Besides the school, the Prairie South School Division office — on behalf of education director Tony Baldwin and board chairman Robert Bachmann — also sent a letter to Central families commenting on the matter.
The decision to move the students to online learning was made after consulting with public health officials on May 14, Baldwin and Bachmann wrote. The plan is for students to return on May 25, but the division will contact families by May 21 to either end this period of remote learning or expand it further, based on available information.

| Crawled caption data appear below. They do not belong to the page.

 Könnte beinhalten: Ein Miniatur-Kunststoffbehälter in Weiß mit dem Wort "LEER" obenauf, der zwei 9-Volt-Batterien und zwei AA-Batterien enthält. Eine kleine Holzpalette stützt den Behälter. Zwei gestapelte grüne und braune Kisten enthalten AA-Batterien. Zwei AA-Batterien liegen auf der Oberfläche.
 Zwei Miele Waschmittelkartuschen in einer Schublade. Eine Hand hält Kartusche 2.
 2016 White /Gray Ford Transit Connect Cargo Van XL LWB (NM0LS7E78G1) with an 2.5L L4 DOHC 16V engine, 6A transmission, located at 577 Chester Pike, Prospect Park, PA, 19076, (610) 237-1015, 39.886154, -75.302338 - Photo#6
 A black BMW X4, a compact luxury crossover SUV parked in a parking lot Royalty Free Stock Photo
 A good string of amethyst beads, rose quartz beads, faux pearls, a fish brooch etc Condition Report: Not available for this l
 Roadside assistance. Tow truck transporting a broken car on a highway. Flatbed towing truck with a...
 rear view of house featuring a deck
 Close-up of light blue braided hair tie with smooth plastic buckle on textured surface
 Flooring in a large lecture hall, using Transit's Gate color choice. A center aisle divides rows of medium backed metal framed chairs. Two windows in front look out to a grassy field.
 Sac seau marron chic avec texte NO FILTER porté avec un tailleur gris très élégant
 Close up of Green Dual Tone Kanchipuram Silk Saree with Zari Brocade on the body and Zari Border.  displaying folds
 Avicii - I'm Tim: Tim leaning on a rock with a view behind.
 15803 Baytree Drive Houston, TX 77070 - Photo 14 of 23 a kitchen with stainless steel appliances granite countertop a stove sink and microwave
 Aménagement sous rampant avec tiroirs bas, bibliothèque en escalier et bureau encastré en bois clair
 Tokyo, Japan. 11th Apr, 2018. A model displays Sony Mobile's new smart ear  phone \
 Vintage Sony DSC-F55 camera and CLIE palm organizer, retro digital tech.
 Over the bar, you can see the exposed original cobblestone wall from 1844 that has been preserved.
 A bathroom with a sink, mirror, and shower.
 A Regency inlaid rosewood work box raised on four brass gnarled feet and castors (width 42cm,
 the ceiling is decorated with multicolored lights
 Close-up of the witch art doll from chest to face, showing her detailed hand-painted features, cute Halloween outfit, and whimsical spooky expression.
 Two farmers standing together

“Decisions connected to remote and in-person learning are always challenging. We know that students and teachers have an easier time when we are in-person at school,” they continued. “We know that our school safety processes have been very successful at preventing transmission of COVID-19 while we are at school.”
Several positive cases have appeared simultaneously at Central, so experience from other schools shows a break from in-person learning should keep numbers from growing, the letter noted. Families should follow public health guidelines closely and ensure students remain in household bubbles.
“We know this is a big (request), but we are hoping to get back to school and make it through to the end of the year, and this is the way to achieve that goal,” they added.
As of May 14, the school still had an ongoing declared outbreak from May 2. According to the Saskatchewan Health Authority, an outbreak is declared when two or more persons are confirmed to have the coronavirus.